### Task:
Pictures excluded, reproduce exactly the lines below from the one with "a walk in shower" through the one with "two beds in", both included.

━━━ Dataset content

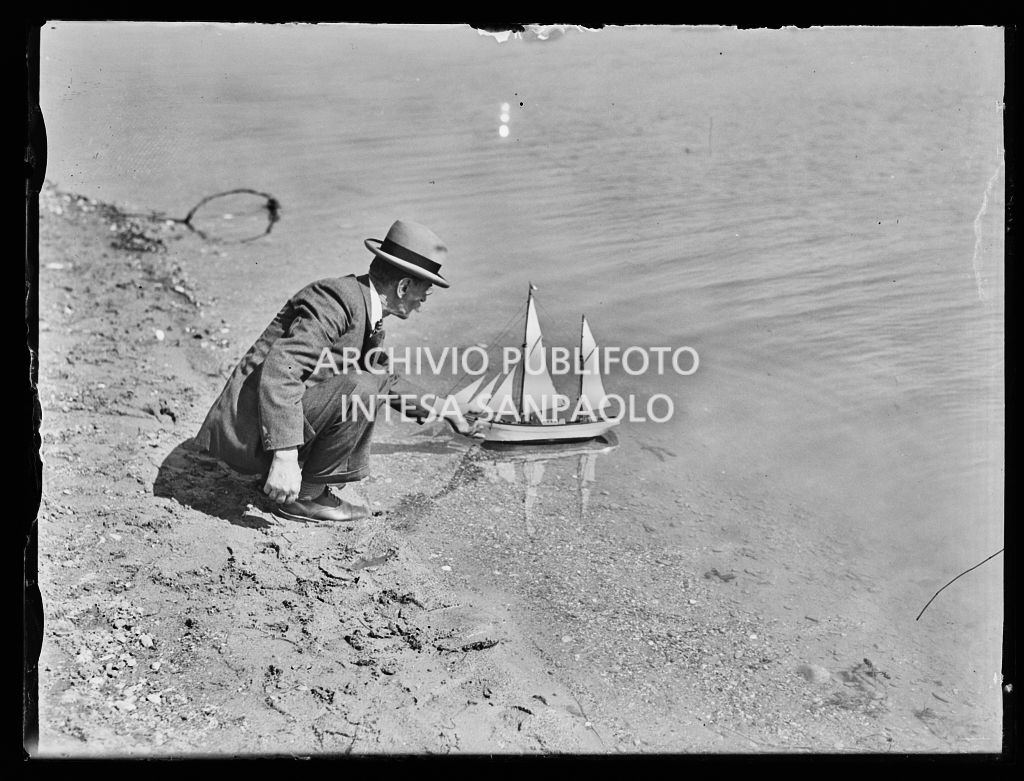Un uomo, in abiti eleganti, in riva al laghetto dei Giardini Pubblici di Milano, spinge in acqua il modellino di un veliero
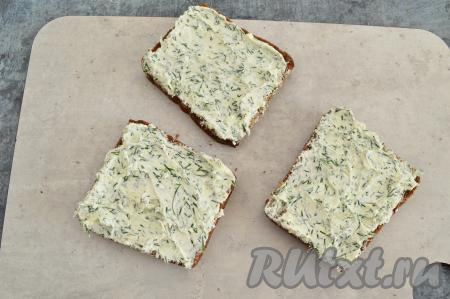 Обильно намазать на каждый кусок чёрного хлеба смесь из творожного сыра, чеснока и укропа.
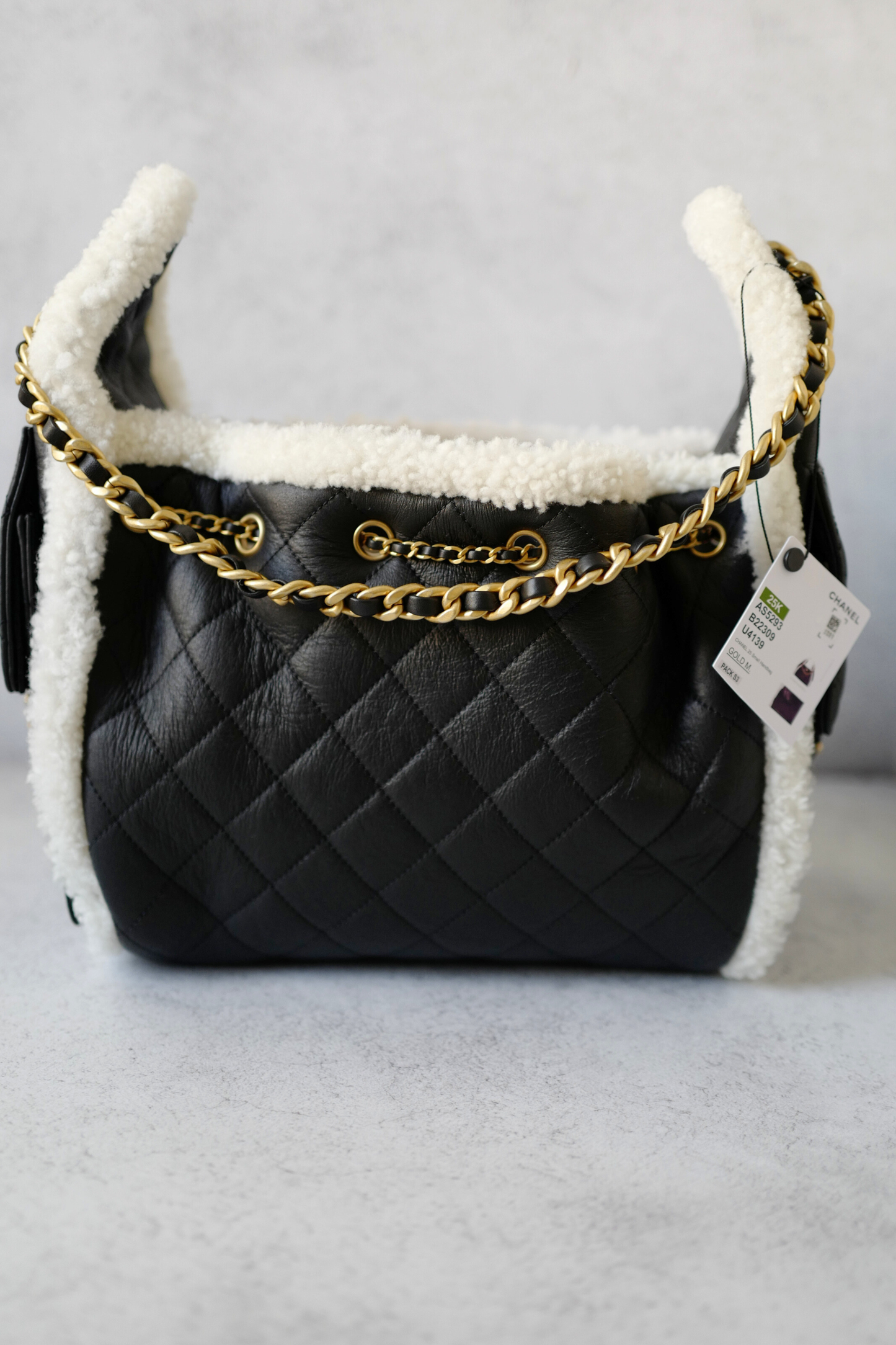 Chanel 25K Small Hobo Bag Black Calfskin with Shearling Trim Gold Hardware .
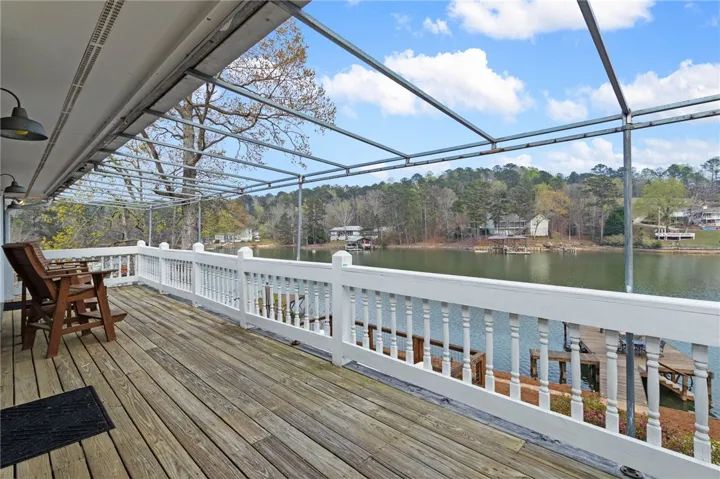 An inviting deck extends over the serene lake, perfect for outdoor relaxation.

━━━━━━
━━━ Dataset content

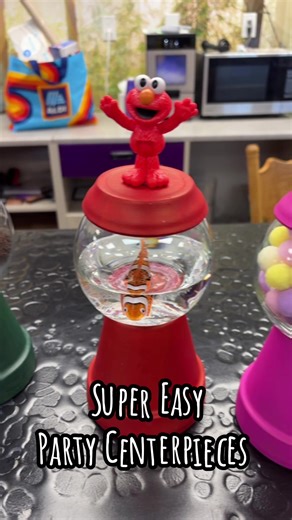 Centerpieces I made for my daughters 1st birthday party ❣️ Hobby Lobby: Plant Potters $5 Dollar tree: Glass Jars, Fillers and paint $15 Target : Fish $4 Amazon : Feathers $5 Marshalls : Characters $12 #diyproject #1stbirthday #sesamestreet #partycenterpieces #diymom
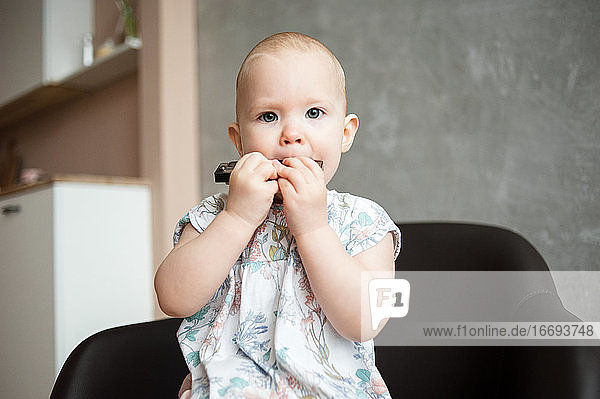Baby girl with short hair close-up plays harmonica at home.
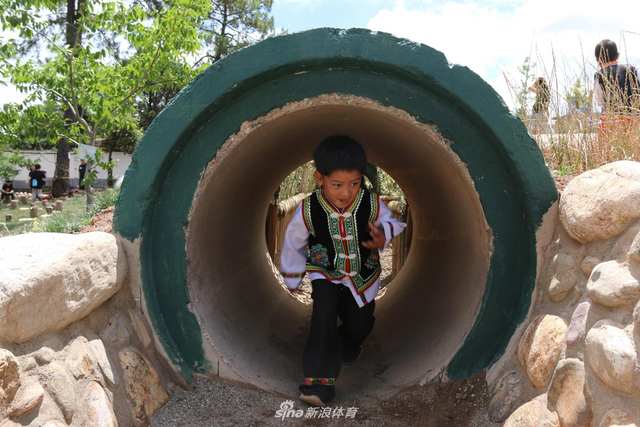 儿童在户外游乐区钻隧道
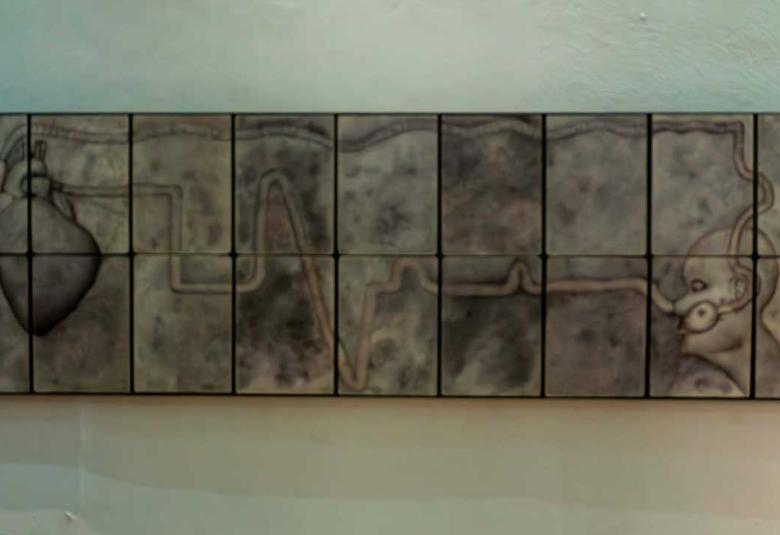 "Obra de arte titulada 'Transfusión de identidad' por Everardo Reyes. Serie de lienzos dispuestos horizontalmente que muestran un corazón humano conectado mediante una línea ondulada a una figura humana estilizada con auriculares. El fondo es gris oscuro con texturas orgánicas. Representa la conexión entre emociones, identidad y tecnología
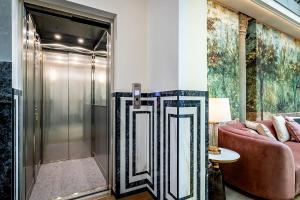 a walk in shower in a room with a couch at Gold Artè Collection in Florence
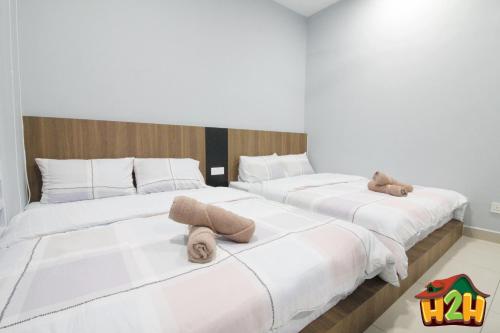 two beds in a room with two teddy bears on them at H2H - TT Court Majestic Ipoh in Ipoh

━━━━━━

### Result of the task:
 a walk in shower in a room with a couch at Gold Artè Collection in Florence
 two beds in a room with two teddy bears on them at H2H - TT Court Majestic Ipoh in Ipoh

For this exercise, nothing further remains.